I Did Not Marry a Trash Collector
The first summer of my relationship with my now-husband—an enchanted summer, naturally—he was acting in New York City, playing Bottom in A Midsummer Night’s Dream and Jack in The Importance of Being Earnest. I was a country girl from Northern Ontario who’d seen only one professional play in my life (and that was one in which he starred, the first time I ever laid eyes on him).
I’d packed all my belongings into my backpack and shouldered my guitar—in a backpack carrying case, naturally—and taken the train from Toronto to New York to be with this man. And thus began my immersion in the world of actors.
Plays seen again and again; pubs afterward to analyze the plays, the process, the director’s vision or lack of it; gruelling tours, vans and hotel rooms and shows in Asheville and Atlanta and small-town Tennessee; long-distance relationship as a matter of course; the constant uncertainty of when the next job will be and where it will be and how the bills will be paid; filming in Times Square in an Armani suit one day—or performing at the White House, or being feted by luminaries—and the next day, you’re unemployed with no idea if you’ll ever work again.

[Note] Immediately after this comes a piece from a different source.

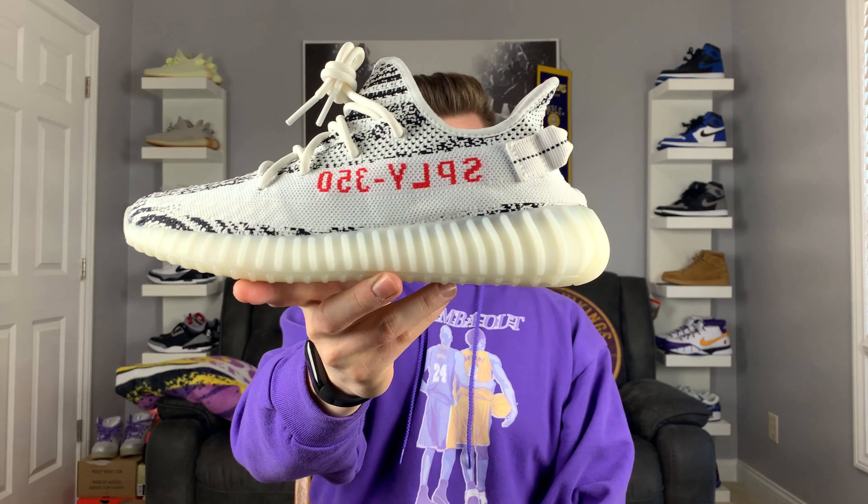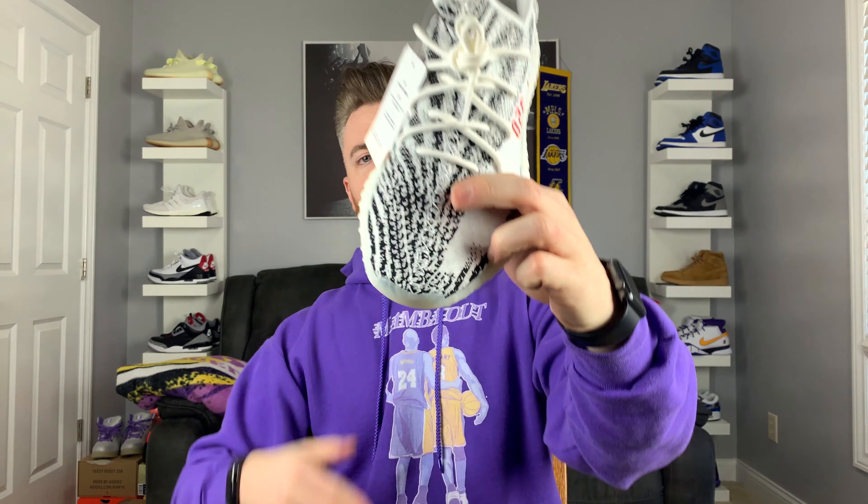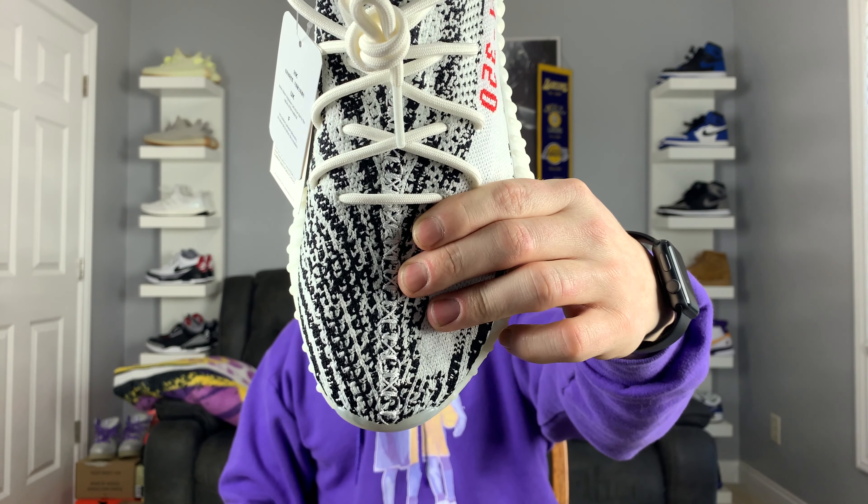You're talking $220 retail. Everybody knows the material — it's a prime knit upper. You got boost on the outsole. You got the "Supply 350" right here on the midsole. Just a standard prime knit. You got the stitching on the toe box right here — it's basically like a cross stitching.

And always, always, the art. The transcendent music of Shakespeare’s language, the story illuminated on a stage.
In the last two decades, I’ve often been the one non-actor at a table of actors. Struggling, especially in my insecure twenties, to contribute to conversation that is all about making the show. Struggling with the invisibility and solitariness of my own art form, and envying the legitimacy of the actors’ presence in a company, their employment by a theatre, their designated role. Their collaborative, co-creative work.

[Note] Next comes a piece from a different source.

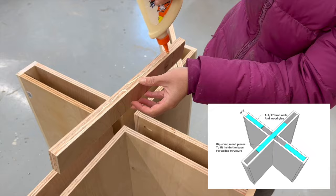The base did need a little additional structure, so I ripped some plywood scraps into a 2-inch width and then nailed and glued them inside the hollow table base.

What did I have? A notebook, a pen, a deep desire to write novels. (Also, back then, very little confidence or knowledge of how to do it.)
This summer it’s 20 years since I took that train to NYC, and I’ve since married the actor and lured him to Canada, where he is now the artistic director of the St. Lawrence Shakespeare Festival. We can call it a loving nod to our 20th anniversary or at least serendipity that the plays he chose for this year’s festival season are A Midsummer Night’s Dream and The Importance of Being Earnest. The same two plays I watched him in that first enchanted summer together 20 years ago.
This year’s acting company arrived in town to begin rehearsal two weeks ago, and last night I hung out once again in a room full of actors. These days I’m considerably more comfortable in the theatre world and in my own artistic practice, and I’ve also long since found literary community and spent plenty of time at tables with other writers.
This summer, with my debut novel’s publication on the horizon, when I get the inevitable question in theatre circles of whether I too am an actor, I’m deriving some amusement from saying, “No, I just embed myself in their lives and steal their experiences for my own art.”
Because that, it turns out, is kind of what I’ve done. My husband jokes that our relationship is the most dedicated project of immersive research ever, because the novel that’s coming out next year is about actors. The Mother Act wouldn’t exist without Richard, without the life I didn’t quite realize I was entering when I boarded that train.
There have been challenges in our life together, times when being with an actor (sorry, darling) has felt like a terrible life choice. The long separations, the instability and uncertainty and financial precarity, the difficulties of balancing two demanding creative vocations that did not always feel like they gave back enough to justify the sacrifices. I’ve reflected more than once on the phone call early in our relationship when a garbage truck clunked in the background on Richard’s end and he remarked that the trash collectors probably made more than he did, and I laughed. Obviously he was joking. I was in love with an actor—so much more glamorous than being in love with a trash collector!
He was not joking.
If I had married a lawyer or a doctor or a trash collector, would my life and my artistic path have been easier?
I’ve noticed a pattern in my own writing and in my coaching with other writers: your biggest challenges, the things in life that can feel like they’re keeping you from the flow and ease you dream of in your practice—that’s your material. That’s your creative gift.
Not that I would say being with an actor is my biggest challenge. Mothering, though, and a deeply restrictive patriarchal religious upbringing? Those have definitely been two of the hardest things I’ve had to swim through, things that have felt some days like they’ve kept me from doing and being and becoming what I most need to do and be and become. They also happen to be two other cornerstones of The Mother Act.
My material. My creative gift.
If you’re local to Eastern Ontario, come see A Midsummer Night’s Dream and The Importance of Being Earnest at the St. Lawrence Shakespeare Festival this summer. They really are enchanting plays. Being with actors actually is, a lot of the time, pretty awesome.
Posted with love and thanks to my husband, whom I just asked to read this to make sure I wasn’t saying anything too bad about him (such as “being with an actor has felt like a terrible life choice”), who said, “I’m not going to censor you!”